Goal of the exercise>
Set down the lines below, exactly, starting at the one that contains "Portable Laser Spot Cleaning Pen - Image 7" and stopping at the last line, inclusive. Omit pictures.

[Extracted data entries]
────

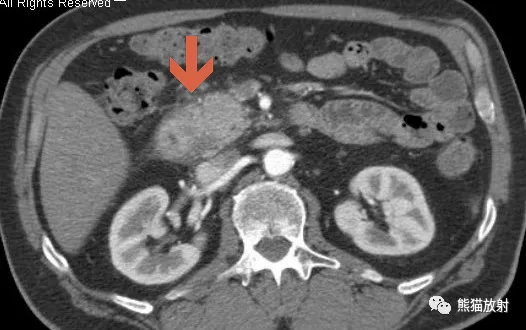 实质|沟槽区胰腺炎丨临床及影像表现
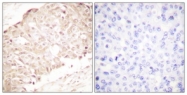 C0365-1 - SENP1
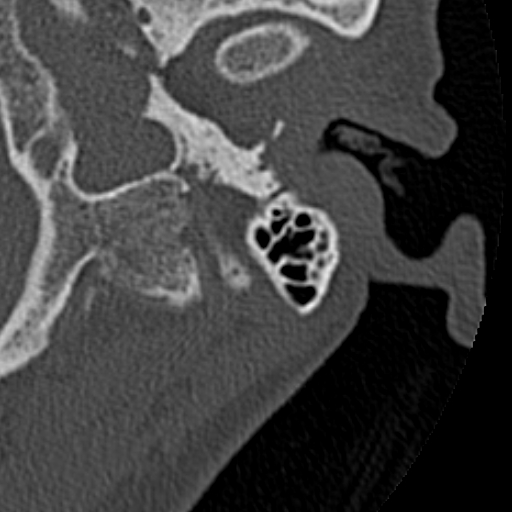 File:Cholesteatoma of the external ear (Radiopaedia 16540-16225 Axial bone window 33).jpg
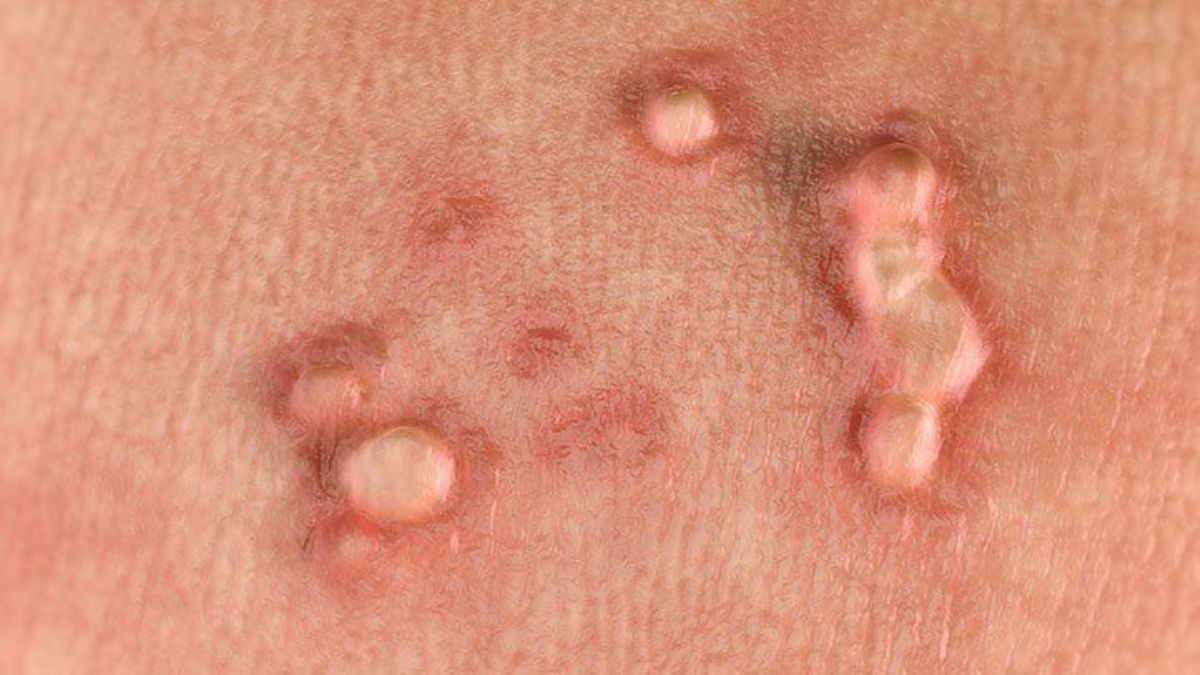 The definition of genital warts and their causes:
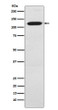 Ctip1 antibody western blot Jurkat STJA0036599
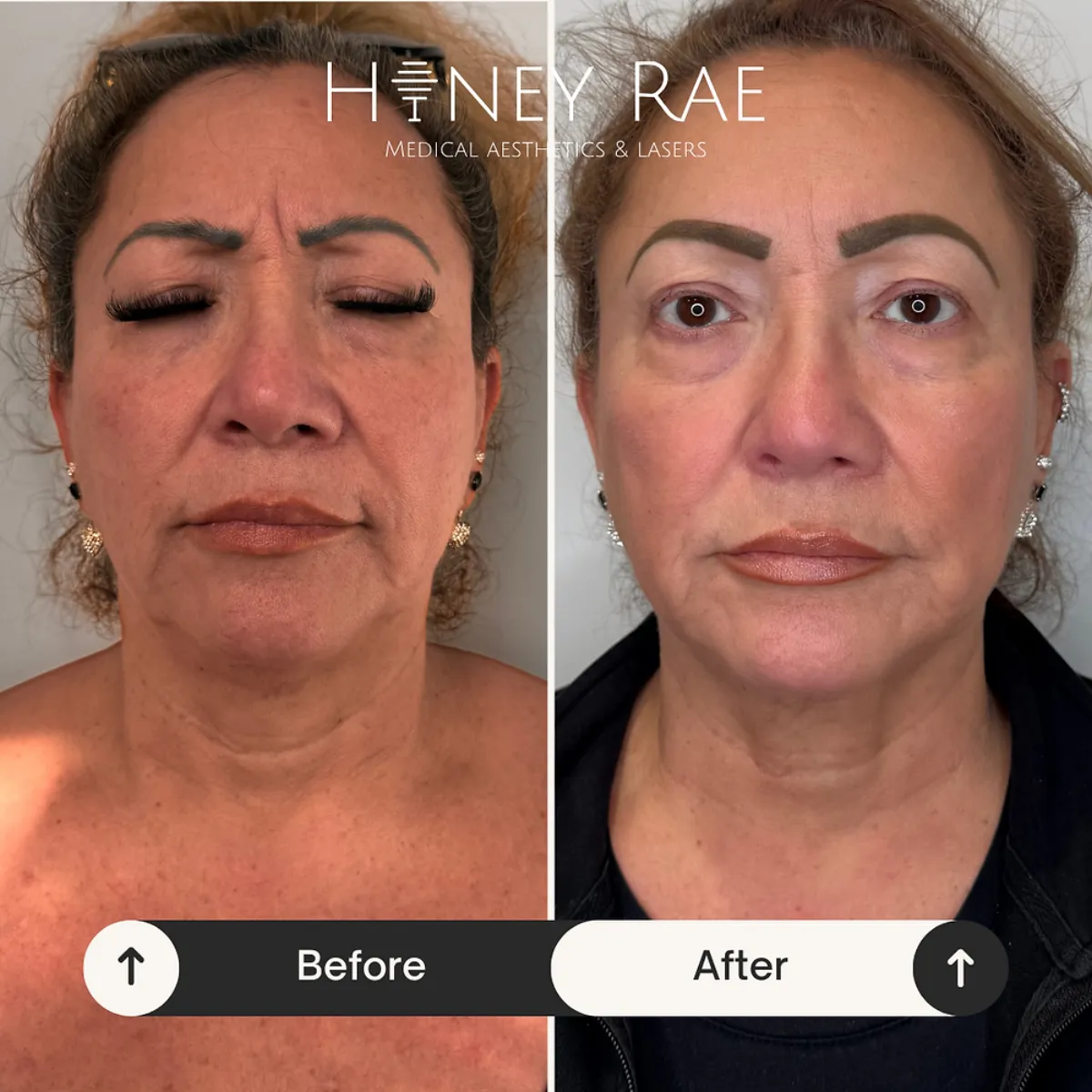 Morpheus8 in Eagle Mountain – What You Need to Know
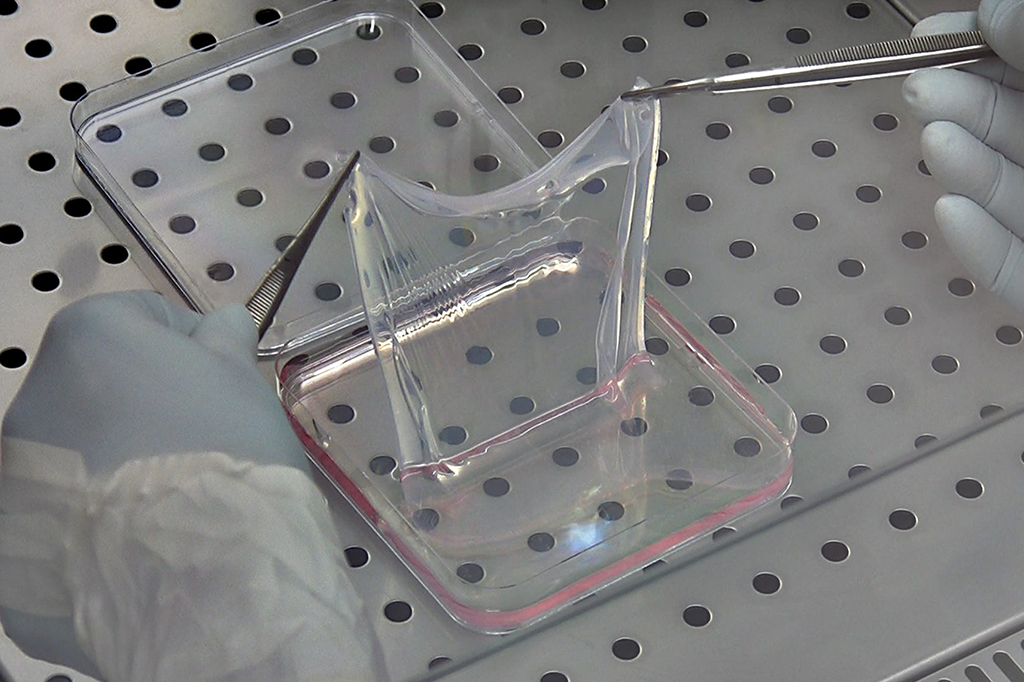 Pele feita com células tronco salva garoto com doença genética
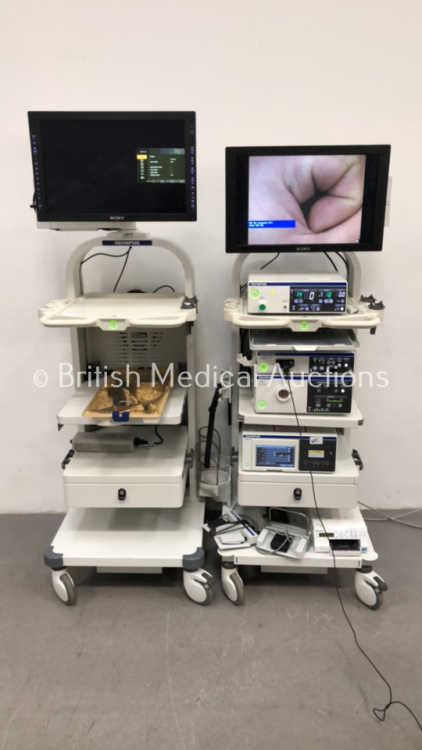 2 x Olympus Stack Trolleys with 2 x Sony Monitors, Olympus UHI-4 Insufflator, Olympus Evis Exera III CV-190 Digital Processor, Olympus Visera Elite CLV-S190 Light Source, Olympus IMH-20 Data Management Unit, Olympus OTV-S7Pro H Camera Head, Olympus HD End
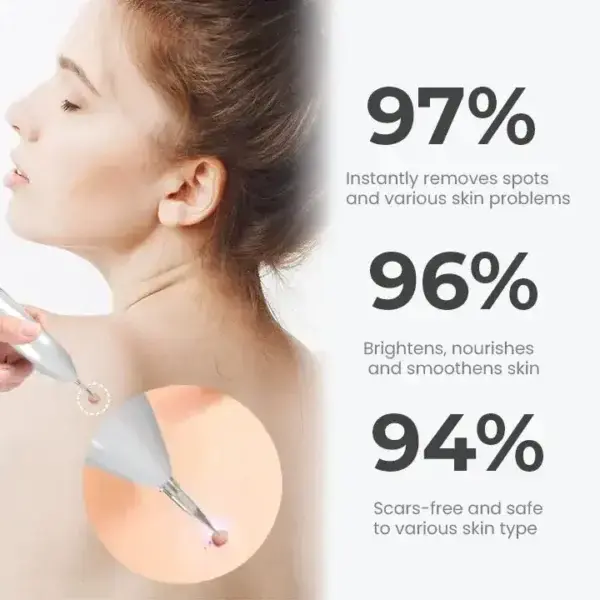 Portable Laser Spot Cleaning Pen - Image 7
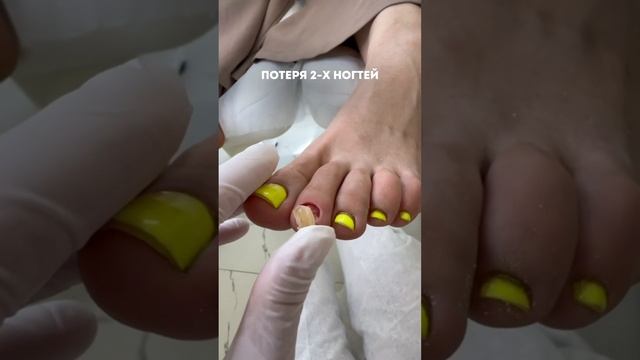 ТРАВМА НОГТЯ гель-лак и неправильная обувь #подолог #москва Что случилось узнайте в комментариях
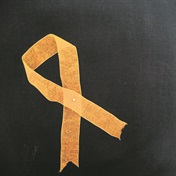 Endometriosis: condition with no cure or known cause affects millions of women globally 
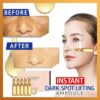 Instant Dark Spot Lifting-Ampulle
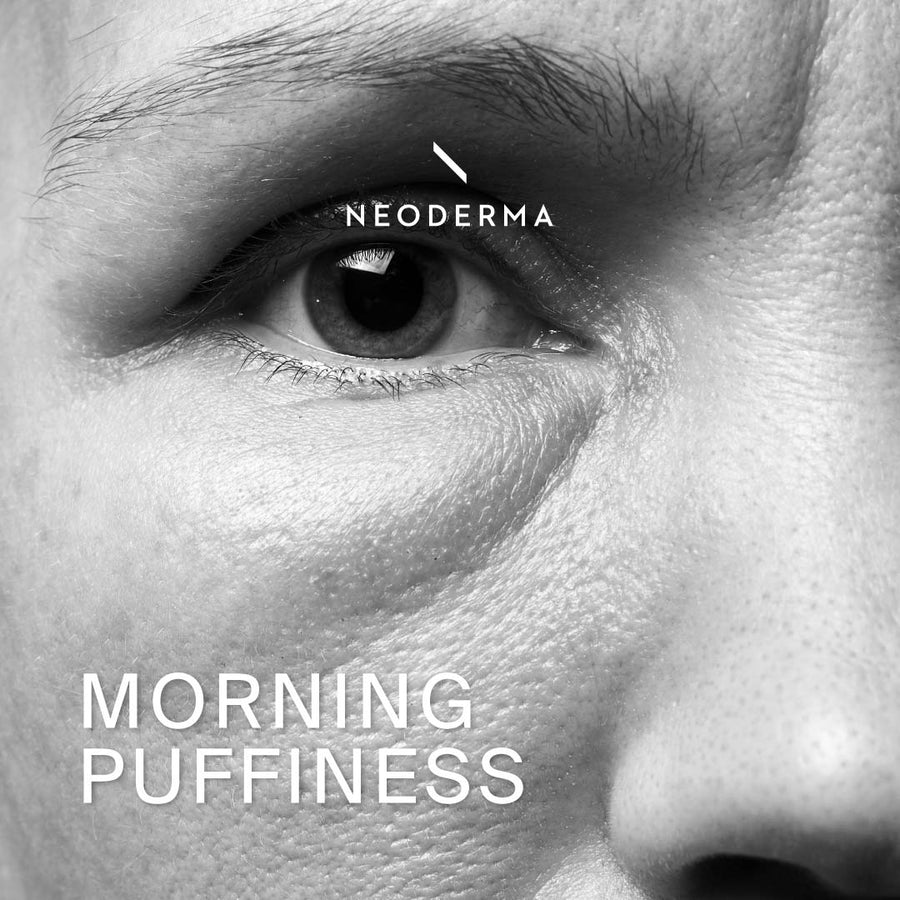 Morning Puffiness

────

Output of the task>
 Portable Laser Spot Cleaning Pen - Image 7
 ТРАВМА НОГТЯ гель-лак и неправильная обувь #подолог #москва Что случилось узнайте в комментариях
 Endometriosis: condition with no cure or known cause affects millions of women globally 
 Instant Dark Spot Lifting-Ampulle
 Morning Puffiness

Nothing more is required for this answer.